Chunky bowls with rough carving or gouges.

Tracy Mincer stopped making Custom-Bilt pipes in the early 1950s. The trademark was successively bought by Leonard Rodgers (1953), Consolidated Cigars (1968) and Wally Frank Co. (early 1970s). The later began to produce again his version of the pipe in 1974 or 1975 at Weber pipe factory (NJ). In 1987, the pipes were made out of the Butz-Choquin factory (France) and then Mexico until the late 1990s. Currently (2010), the Custombilt name is owned by Tobacalera of Spain which is part of Altadis.

It is generally admitted (but not proved) pipes stamped “Custom – Bilt” (with the hyphen) are from the Mincer era. The name might have changed from Custom-Bilt to Custombilt (without the hyphen) in 1946.

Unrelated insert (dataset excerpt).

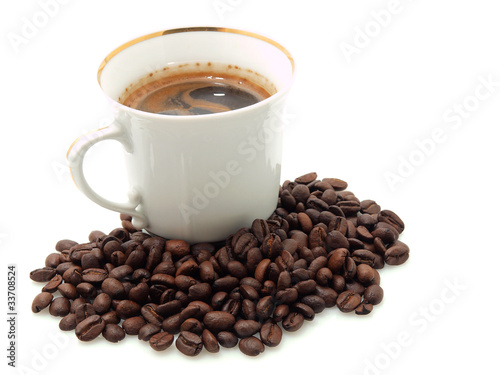 Cup of coffee on the white background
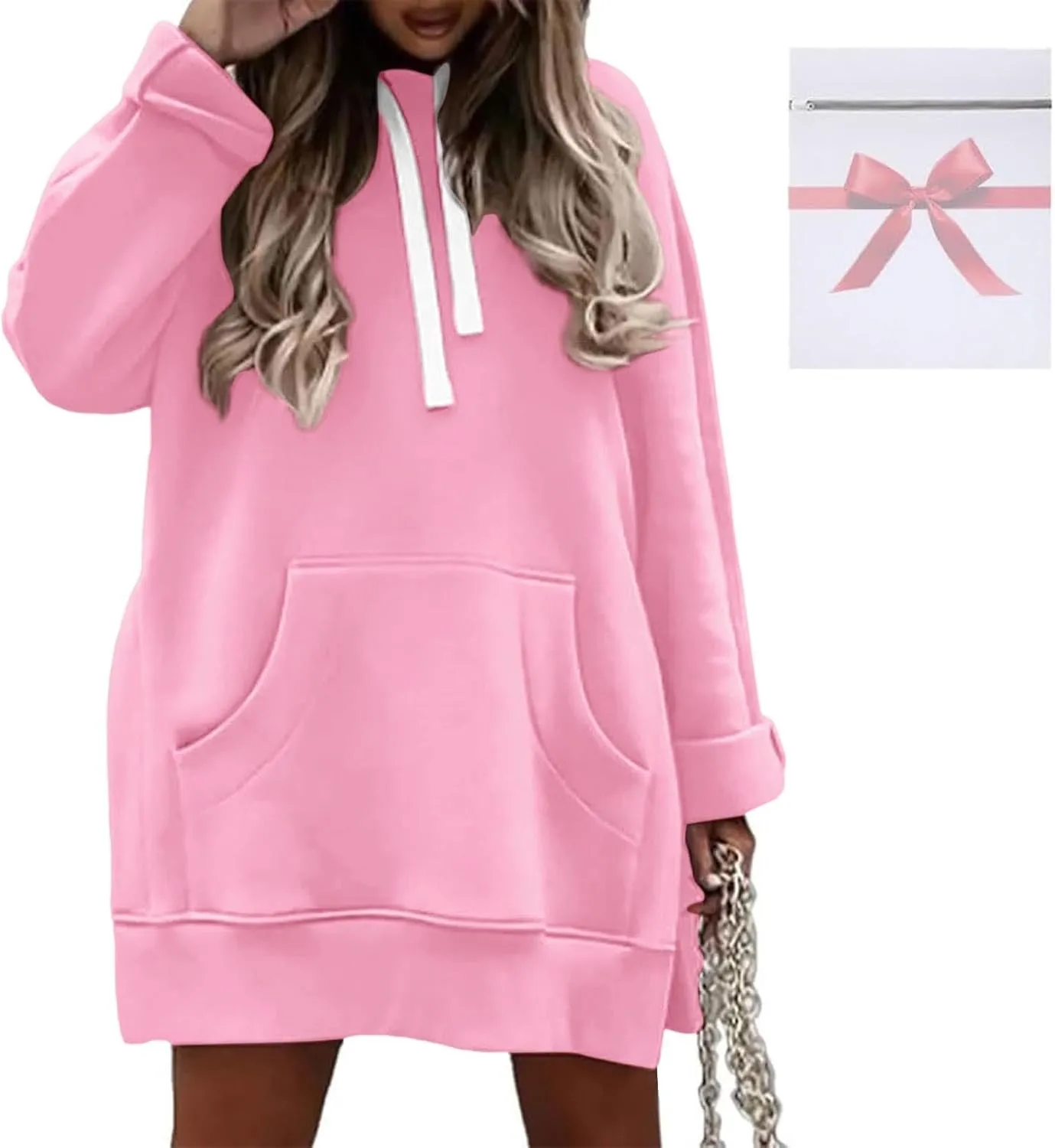 The Warmy Oversized Hoodie Dress for Womens Long Sleeve Split Hem Drawstring Midi Dress Pullover Hoodies with Pocket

I turned to Pipedia and found the following advertisement for the Custombilt line that I am working on (https://pipedia.org/wiki/File:Custombilt_Shapes.jpg). The logo on the advertisement is the same and the shape I have circled in red in the advert below is the same shape number as the one that I am working on.  The majority of the information on the rest of the site was two book reviews of the Custom-Bilt Story by Bill Unger. I did a screen capture of the stamping that matched the stamping on the pipe that I am working on. In the early 1970s, Wally Frank Co. bought the Custombilt trademark and began to produce their version of the pipe in 1974 or 1975. Hollco Rohr owned the Weber pipe factory, located in New Jersey, and produced the Custombilt pipes there.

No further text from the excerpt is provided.